Enumerating open sets around elements of an uncountable set in topology - how do we justify it? I was trying to prove for myself a basic result in point-set toplogy, namely that "Any compact subset of a Hausdorff space is also closed".
To be precise we're taking compact set here to mean - any open cover has a finite subcover that covers the set, and closed set to mean - its complement is open (which we also know holds iff it contains all of its limit points).
Now, one thing I kept trying to avoid is an argument that involves building sets around each element of the compact subset in question, since theoretically this subset can not only be infinite, but uncountable (e.g. think about the real numbers).
When I finally looked at some online proofs, it looks like they do exactly that though - i.e an argument of the form "for each element x in A there exists an open set such that..."
Do we just accept it as part of the definitions of topology that we can prove things using such an argument even if the set in question is countably infinite or even uncountable? it feels like a certain flavor of an "axiom of choice" at play but i'm curious if there is any formalism around this or we just take it for granted its allowed.

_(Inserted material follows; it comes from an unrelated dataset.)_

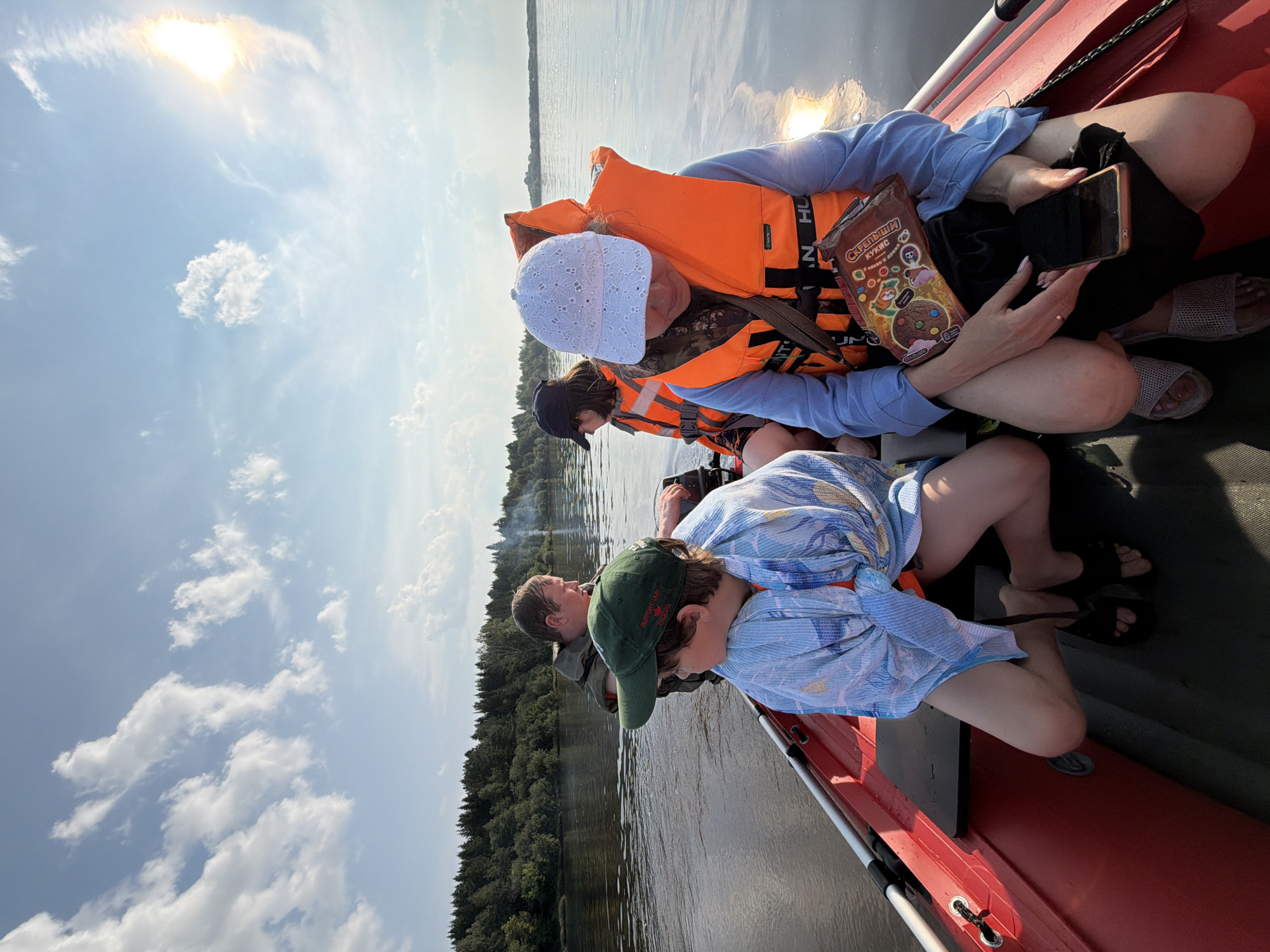 Four people are in a red motorboat on a body of water. The boat is moving, as indicated by the wake behind it. The sky is partly cloudy with the sun visible. On the left side of the boat, a person wearing a green baseball cap and a blue and white patterned garment is looking to their left. Behind them, another person in a green vest is looking forward. On the right side of the boat, a person wearing a white cap and an orange life vest is looking down at a phone and a snack bag. Next to them, another person in an orange life vest is also looking forward. The boat is passing a densely wooded shoreline. The scene appears to be in a rural area.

Again, The difficulty i'm having conceptualizing this is specifically the idea of enumerating elements of an uncountable set (e.g. some subset of $\mathbb{R}$) in such a "discrete" way as to build sets around each one as part of a proof..

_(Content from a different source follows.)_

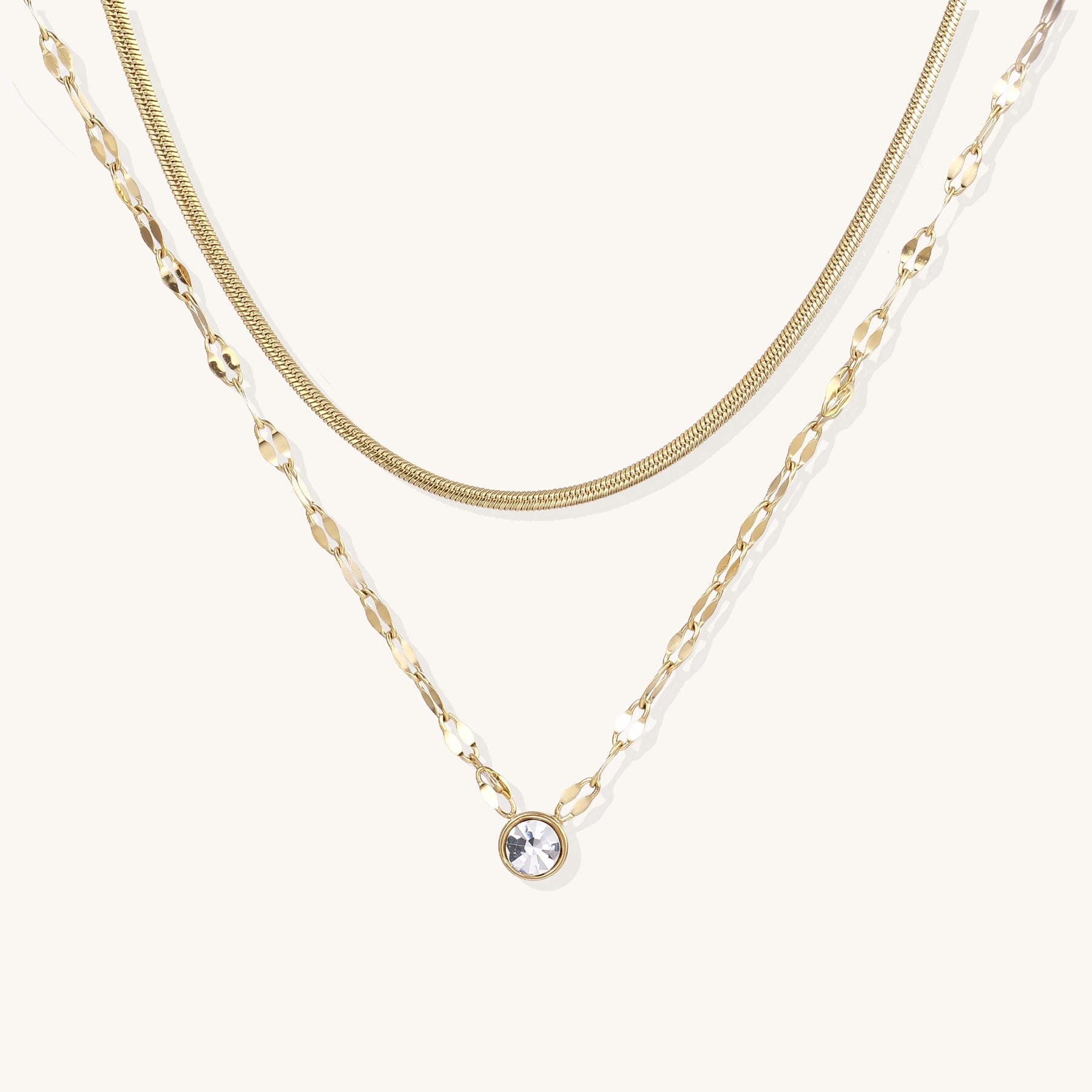 Two layered 14K gold plated necklaces - herringbone chain and delicate chain with circular crystal pendant on beige background.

 A: It’s completely standard, and we take it for granted; the cardinality of the set in question is irrelevant. Yes, in general one may need the axiom of choice to choose an open nbhd of each point of some set, but we routinely assume the axiom of choice; in fact, one of the most important theorems in general topology, the Tikhonov product theorem (which says that the arbitrary Cartesian product of compact spaces is compact) is actually equivalent to the axiom of choice.
To use your example, if $X$ is a Hausdorff space, $K$ is a compact subset of $X$, and $p\in X\setminus K$, it is completely routine to say that for each $x\in K$ there are disjoint open sets $U_x$ and $V_x$ such that $x\in U_x$ and $p\in V_x$; the only justification required here is justification for the assertion that $U_x$ and $V_x$ can be chosen to be disjoint, and the hypothesis that $X$ is Hausdorff takes care of that.
A: In the axioms of Set Theory, the Axiom Schema of Comprehension declares the existence of the set $\{x\in S: P(x)\}$ whenever $S$ is a set and $P(x)$ is some property (which any $x$ might or might not have). It is called a Schema because it is a collection of axioms, one for each $P(x)$ you can state. This is NOT the Axiom of Choice.
For example once we have the set $S=\Bbb R\times \Bbb R,$ we have the set $\{x=(u,v)\in S: v=u^2\}$ which, less formally, we call the real function $f(u)=u^2.$ (In Set Theory a function $is$ its graph.)
A topology on a set $X$ is a set $S$ of some or all of the subsets of $X$ (i.e. the set of open sets) that meets certain conditions.
There is a saying: If you can't (or don't want to) use Choice then choose everything.
Suppose $Y\subset X$ and $p\in \overline Y$ \ $Y.$ We have the set $V=\{x\in S: p\not \in \bar x\}.$ Suppose  $S$ is a Hausdorff topology. It readily follows that each $q\in X$ \ $\{p\}$ belongs to at least one member of $V.$ So $V$ is an open cover of $X$ \ $\{p\}$ so (a fortiori) $V$ is an open cover of $Y.$
It now follows readily that if $F$ is a finite subset of $V$ then $F$ cannot cover $Y,$ otherwise $X \setminus \cup  \{\bar x: x\in F\}$ would be an open set containing $p$ and disjoint from $Y,$ contrary to $p\in \overline Y.$ Therefore $Y$ is not compact.
A: As Brian M. Scott pointed out, in general we're using choice here, but in some common cases this can be avoided: e.g. if $(X,d)$ is a metric space, $K\subseteq X$ is compact and $p \notin K$ we can define $r_x = \frac{d(x,p)}{2} >0$, for $x \in K$ and we have an open cover $\{B(x, r_x): x \in K\}$ to consider, completely defined without the Axiom of Choice, thanks to the metric.